Can't view previous SMART test logs &is it in sequence?

diskdiddler · Sep 3, 2014

I've got a disk I suspect with an issue, my server is making a ticking noise, it sounds like one of the actuators is rocking back and forth as if it's seeking sector 1000, 2000, 1000, 2000, 1000, 2000.
It's very reminiscent of the WDIDLE3 issue on some of the earlier WD Greens with a bad firmware. (I have a 500gb here which is unusable, any time there's NOT system requested disk activity, the disk will make ticking noises endlessly, despite working)

ANYHOW
I'd like to see the last SMART tests and what information came from them?

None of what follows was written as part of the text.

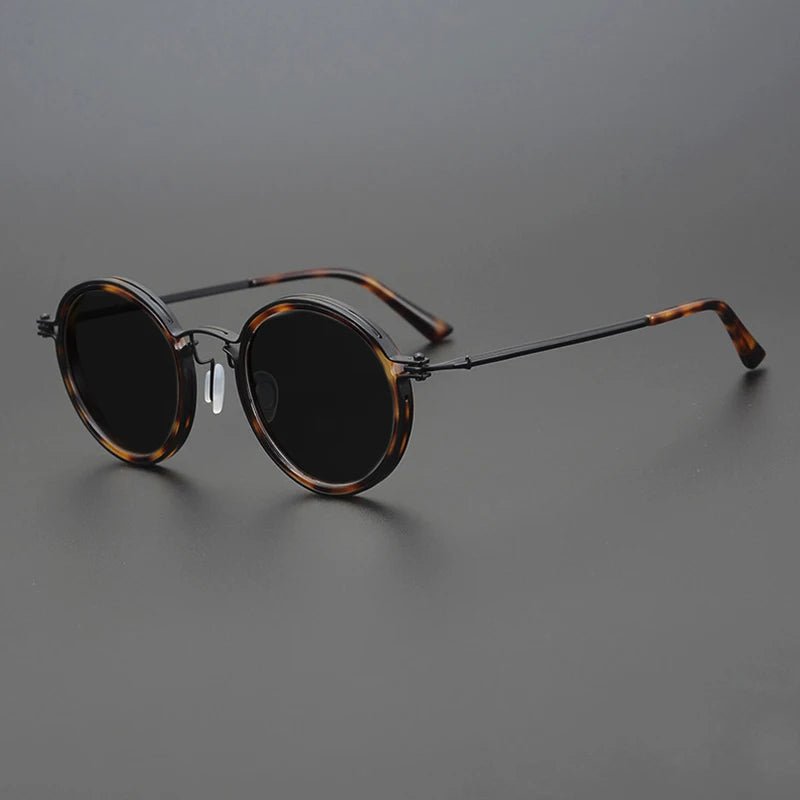 Zonnebril – Heren – All Season – Gepolariseerd & Antireflectie – Montford Co - Montford & Co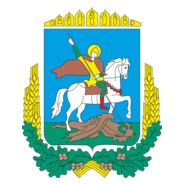 Kievskaya oblast Logo PNG Vector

I've found the area to configure the scheduled jobs but no way to view the old reports, do they not get archived or anything? Only if there's an error do you get an email? (I'm unsure)

Also if I do kick off a SMART long test, surely it runs per disk in sequence right, so the system is still usable? I believe a long test generally tests the entire surface of the disk?

Finally, how do I manually initiate a test? Do I need to manually set up a new scheduled job? I can't see a "run now" button on the configuration page for the schedules.

DrKK · Sep 3, 2014

OK,

I'll take this.

Your drives are almost certainly /dev/adaN where N is some number. You can get the full SMART readout with:

Code:

smartctl -x /dev/ada0

or whatever device you want.

Somewhere in there, you should see the results of the last several SMART tests. "Completed without error" is the key phrase you will see in the log. If you have the email set up correctly, my understand is that whenever your smart test does not complete without error, you'll be emailed.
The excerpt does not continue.